1) started off by finding a nice reference and making an accurate flat reference. I scaled it and pulled the ratio up to the size i wanted, for this sword, i scaled it to fit my commissioner and it ended up being 42 inches long. I like to also draw in all the beveled edges in my reference and make small notes of how i wanted each edge to be sanded.

2) I used a piece of insulation foam and scaled it from a 12 inch model to the 42 inch life-size sword. Drew it out on my foam, including all the beveled edges.

3) Using my 18 inch scroll saw, cut out the general shape keeping close to the lines I drew and then used a small drill to get the holes and then gradually sanding it to make it the size i want. 

4) cutting and sanding was on the same day, so i beveled all the edges using a hand sander, smaller areas like the hilt area where the handle and blade connected i had to sand by hand to get the small details. The entire handle is also rounded to it fits the hand better and is more comfortable. The detailing at the top of the hilt I kinda made up, probably not canon but looks nice so I kept it and it was more in-depth in my opinion to keep it that way. After the initial sanding with rough sand paper, i used a fine sander to make it smooth.

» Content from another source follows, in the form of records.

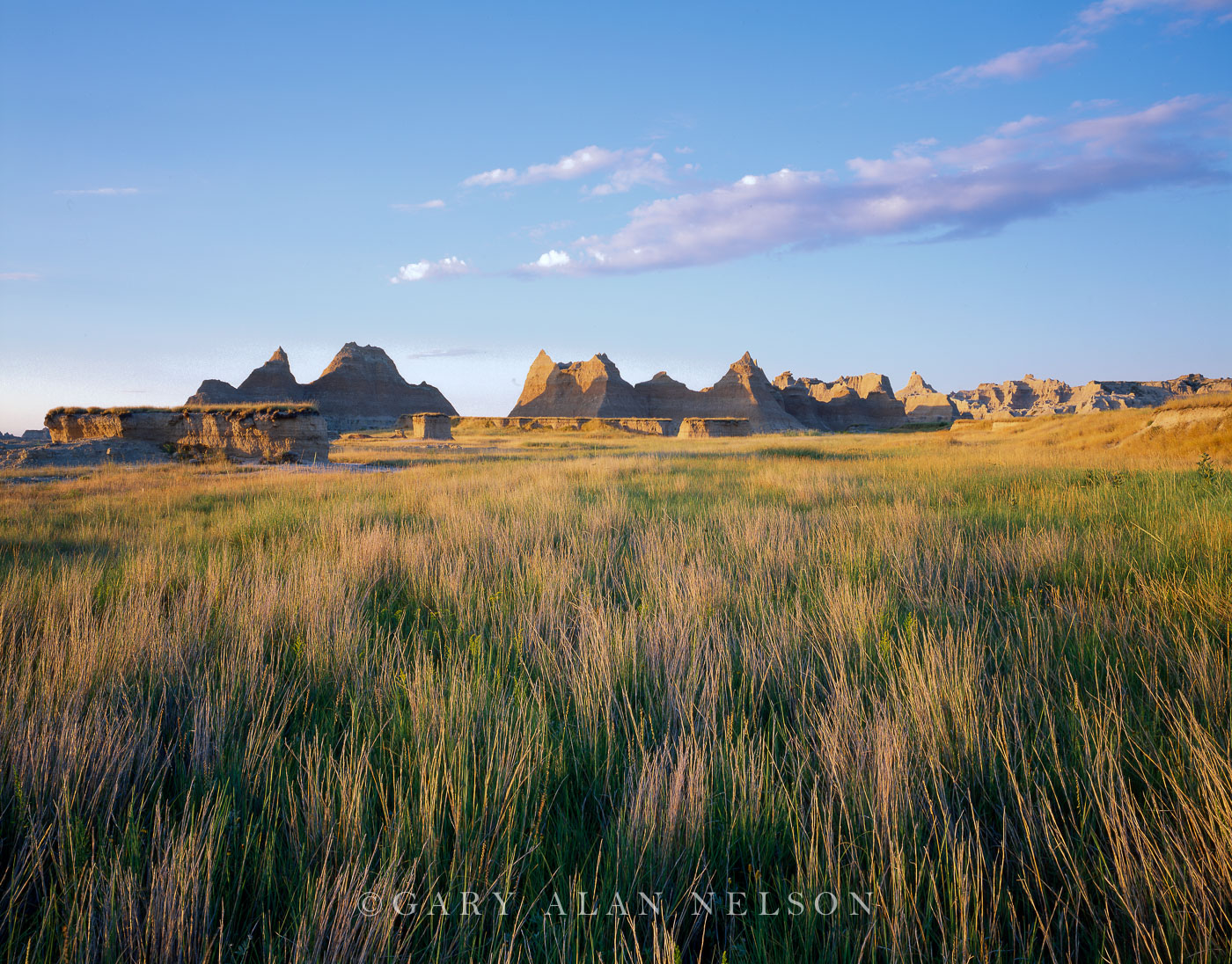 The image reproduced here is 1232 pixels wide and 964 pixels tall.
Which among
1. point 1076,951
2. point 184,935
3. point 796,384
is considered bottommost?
point 1076,951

5) Up until step 4, the insulation foam is super weak and flimsy which is good since as your sanding and cutting you might be a bit more rough so having a very flimsy board keeps it from breaking, the tip was extremely bendy as well since I had sanded it down so much so it requires some hardening. I used speckling paste to fill in holes and also the uneven surfaces and used an ultra fine grit sanding paper and hand sanded the entire sword down. Afterwards, I took wood glue and applied 2-3 layers. This hardens up the foam as well as seals it from being ruined by the elements and chemicals. Between each layer, i sanded it down with the ultra fine sand paper so that each layer is ensure to be super smooth.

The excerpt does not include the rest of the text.